Even when residential mortgage backed securities are based on high quality credit there is a risk for investors due to Canada’s “uncertain” housing market.

Fitch says that a recent RMBS transaction by a subsidiary of Canadian non-bank financial institution MCAP was backed by high quality credit mortgages, but the current housing market conditions mean an extended loan default risk.

The ratings agency did not rate this transaction but says that its rating criteria likely would have resulted in more conservative pool loss expectations than those implied by the transaction's credit enhancement.

The mortgage pool was strong with weighted-average credit scores above 760 and weighted-average loan-to-values below 70%.

Fitch also notes that MCAP is one of Canada’s largest mortgage financing companies and its subsidiaries are CMHC approved lenders with well-established performance records.

Also, the transaction mitigates the balloon risk of the underlying loans (which are contractually due in less than five years) by obligating the servicer to extend any borrowers that are not refinanced at the end of the contractual term.

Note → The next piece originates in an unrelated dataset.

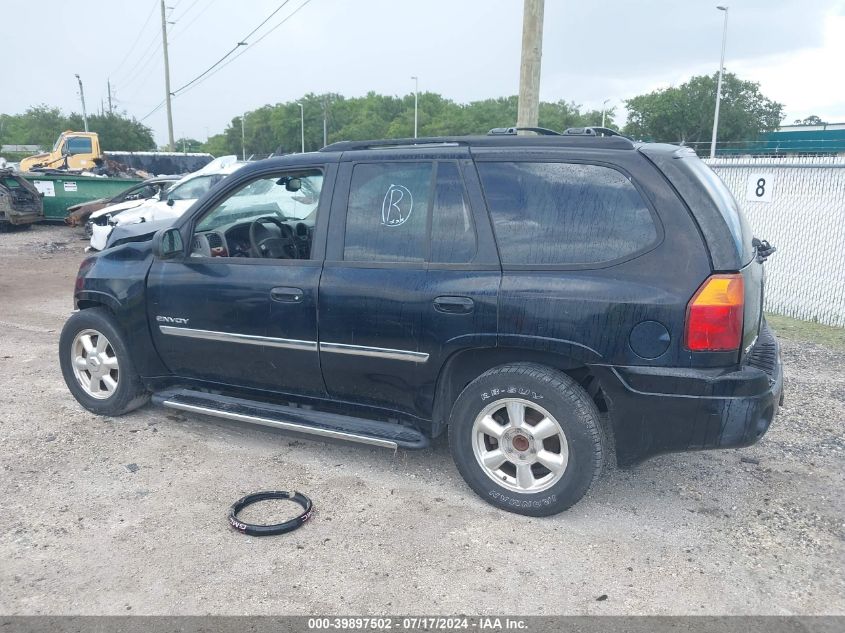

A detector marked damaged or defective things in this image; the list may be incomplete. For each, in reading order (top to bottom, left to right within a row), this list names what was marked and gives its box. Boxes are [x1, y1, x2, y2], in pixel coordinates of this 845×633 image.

white damaged car [88, 154, 242, 251]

However, the ratings agency says that non-banks have greater risk from economic stress with weaker credit.

“In Fitch's 'AAAsf' rating stress case scenario, we would assume all borrowers are extended, as refinancing opportunities (both with MCAP and other lenders) would be limited amid financial and housing market stresses” the ratings firm says. “Consequently, Fitch would estimate each borrower's risk of default through the full, approximately 25-year amortization period. Additionally, we would increase default projections, due to payment shock risk, since the loans would be assumed to extend at rates significantly higher than today's rates.”

Fitch adds that the combination of the longer loan default window and the payment shock risk would increase Fitch's loss expectations on the mortgage pool by approximately 1.75x, relative to a five-year term.

It says that the housing market's uncertainty adds to bondholder risk with the mortgage pool heavily concentrated with more than 80% of the loans located in Ontario and British Columbia.